Do you really need a marketing plan?

Chances are you don’t have a marketing plan.

In fact, unless you’re a large business, or seeking additional finance, you’re unlikely to have any business plan.

You’re unlikely to have any business plan, because uncertainty is dominant.

Most businesses grow organically over time.

They deliver good products and services, because the founders are actively involved in the processes that matter.

Budgets and cash management will be seen as critical, while formal business planning will be unlikely.

Sales and marketing planning will be minimal, with new business coming predominantly from contacts and referrals.

Like most small businesses many will fall into the trap of trying to meet every customers needs.

It’s hard to turn away new business and just too tempting to take on every potential customer, however disparate they may be.

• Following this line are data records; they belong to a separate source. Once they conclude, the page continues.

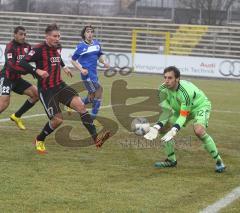 Testspiel - FC Ingolstadt 04 - SpVgg Unterhaching - links Manuel Schäffler kommt zu spät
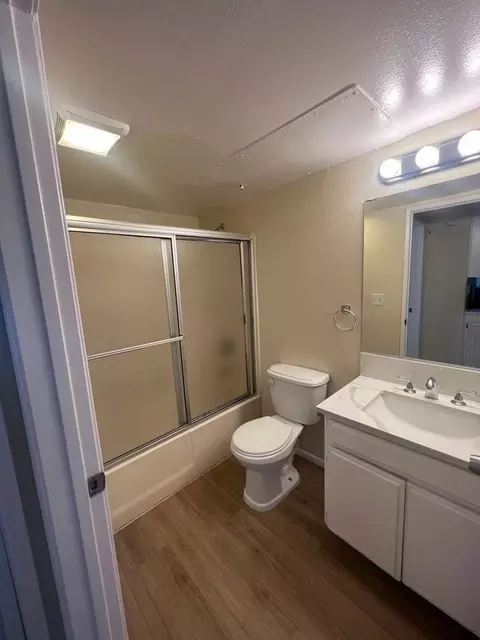 14309 Sylvan St, Van Nuys, CA 91401 photo 3
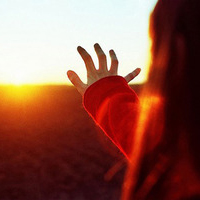 47张氛围感拉满！夕阳下的温柔女生头像合集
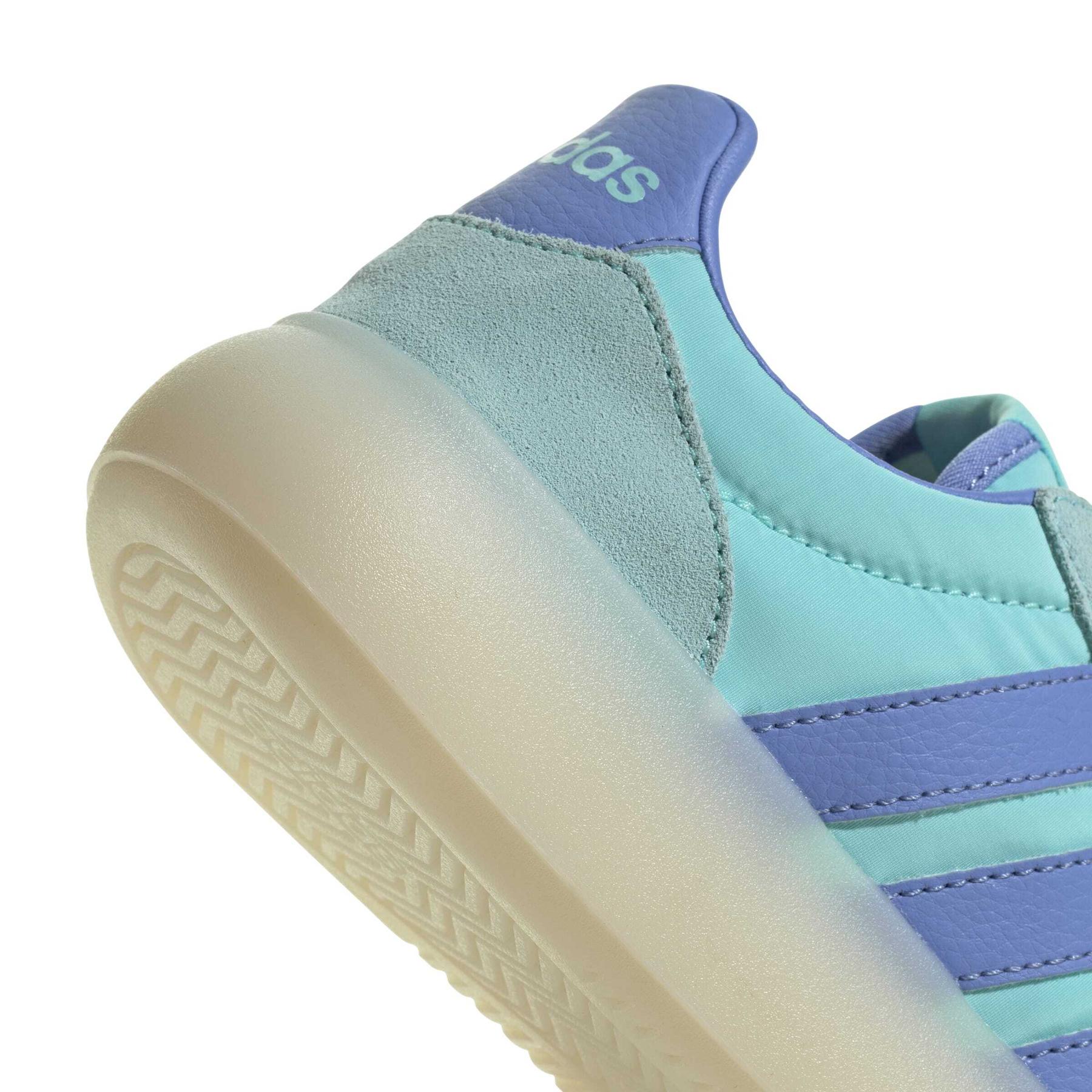 product/a/d/adidas_jr0758_9_footwear_photography_detail_view_2_white-nw091625.jpg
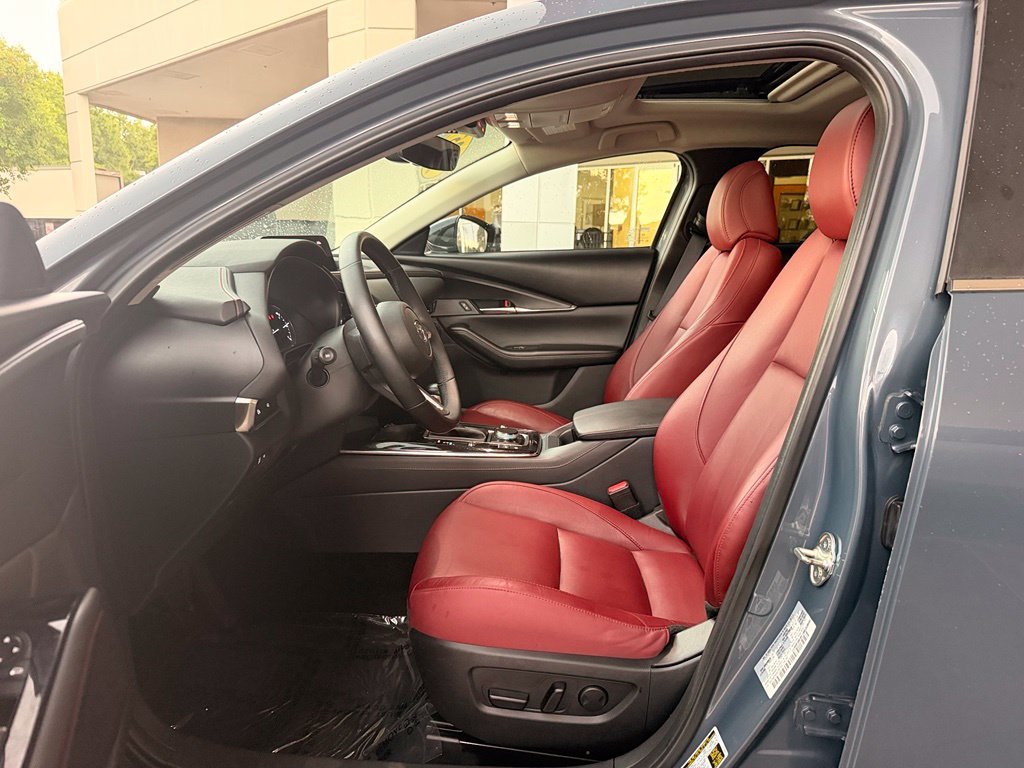 Used 2025 Gray Mazda 2.5 S Carbon Edition image 22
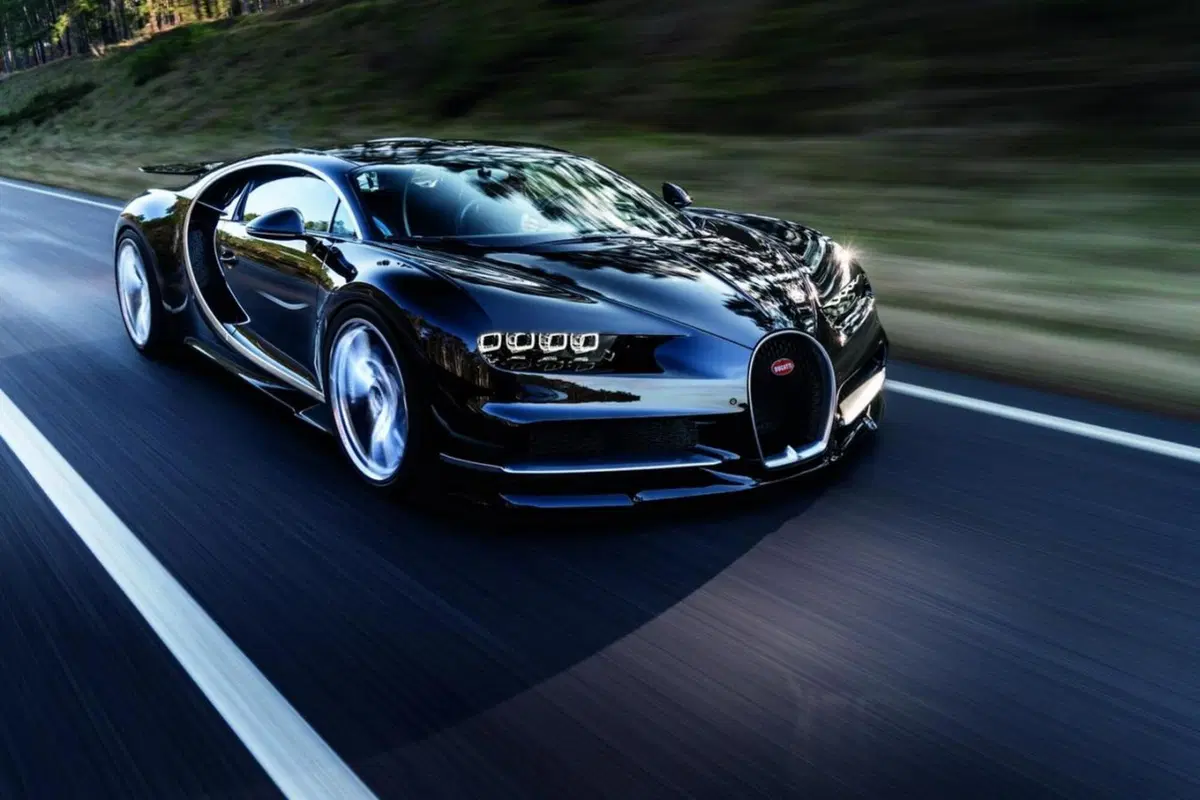 Bugatti Chiron, ecco la hypercar da 420 km/h (2)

The problem is it’s impossible to focus on any number of customers who require different nightmare

It’s distracting and costly.

Within a few years most businesses will find that their customer base is really mixed and that their ‘products’ have been begun to diversify in unplanned ways.

While it may seem like growth, the reality is if the customer isn’t a good fit for the business, it can block real growth.

What this means is that the essence of the business has changed, posing a long-term threat to it’s success and even existence.

A situation that can be amplified if this is the time that the founders influence starts to wane.

If terminal decline is to be avoided it is necessary to undertake the effective marketing planning that should have been done at the outset.

At it’s core will be a clear definition of the business’ values (it’s essence), it’s target customer groups and the products it intends to offer them.

These elements will position the business in the market, providing a solid foundation for long-term success.

Within the clearly defined target market(s), attention can turn to establishing and introducing their products to the newly defined customer segments, more effectively than their competitors.

The plan is not rigid, it will need to evolve and adapt to changing needs and circumstances.

It will keep the business focused on serving their clearly defined market segments.

Segments that can be refined, with new segments being added over time, to continue growth in the long-term.